Judge was given the night off but was sent up as a pinch-hitter. Diaz struck him out. Diaz walked D.J. LeMahieu.

Gleyber Torres grounded up the middle to second baseman India. His toss to second forced LeMahieu. Farmer made a quick spin move to throw to first.

Torres was called safe, the Reds challenged, the call was overturned. Out. Reds win.

And for the first time this season the Reds own a five-game winning streak while the Yankees have lost three straight for only the second time this season.

Before Reds rookie starter Graham Ashcraft could shake the Gotham jitters, the Yankees had two runs and nobody out.

And the way Cole proceeded to pitch, those two runs seemed to be more than enough.

Cole’s career record against the Reds was 1-and-8, but most of those losses came when Cole wore a ‘P’ for Pittsburgh on his cap instead of his current ‘NY,’ where he is 8-2 with a 3.15 earned run average.

The Yankees seldom lose at home. They haf won 19 of their last 21 at home and for the season they were 34-9 on baseball’s hallowed grounds.

Yankee manager Boone gave the Reds a break by resting Judge until his pinch-hit strikeout in the ninth. The Yankees lead baseball with 146 home runs. They did not hit one Tuesday, never came close.

The Reds put their leadoff batter on base three times against Cole, twice with doubles, but they couldn’t find home plate.

Mike Moustakas led the third off with a double and two outs later Brandon Drury dumped a single into short left, sending Moustakas to third. Pham struck out.

India led the sixth off with a double and Drury flied to center. India stole third, but Pham struck out for the third time (a dubious called strike) and Votto fouled out.

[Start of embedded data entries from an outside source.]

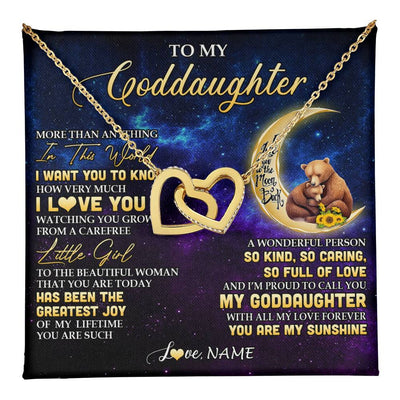 Interlocking Hearts Necklace 18K Yellow Gold Finish | 1 | Personalized To My Goddaughter Necklace From Aunt Positive Energy Encourage Brave Little Bear Goddaughter Birthday Christmas Customized Gift Box Message Card | teecentury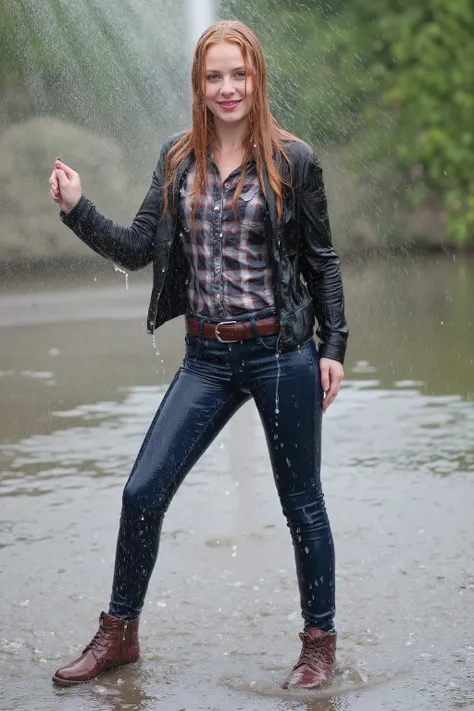 Uncensored, A girl with long red-blonde hair, soaking wet hair, very attractive 22-year old girl, viewed right from the front, full body view, enjoying being all wet, inviting smile, showing her teeth, looking into the camera, her arms spread to her si...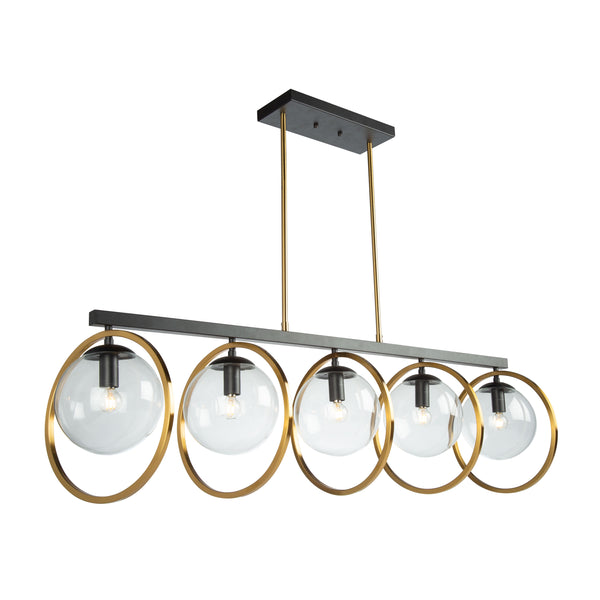 Lugano 5 Light Island Light in Black & Vintage Brass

Stephenson led the seventh off with a single and Cole promptly struck out the side — Naquin, Farmer (a dubious called strike on a full count) and Moustakas struck out.

The Moustakas strikeout was Cole’s 11th and he left after seven — no runs, four hits, one walk, 11 strikeouts.

The Yankees opened the bottom of the first with a single by LeMahieu, a double by Torres and a two-run single by Anthony Rizzo.

The Yankees were gifted a third run in the fourth, back-to-back to walks by Ashcraft to open the inning. Josh Donaldson lifted a routine fly ball to center, but just as he was about to make the catch, Senzel lost his footing and fell to the turf and a run scored.

Ashcraft left after five because he used up 106 pitches while holding the Bronx Bombers to three runs, seven hits, three walks and three strikeouts.

The suddenly strong bullpen held the Yankees scoreless the last three innings, a feat performed by Jeff Hoffman (one hit), Ian Gibaut (one hit) and Reiver Sanmartin (one walk).

And that set it up for a Reds’ finish that would be laughable if it was a movie. But this was for real.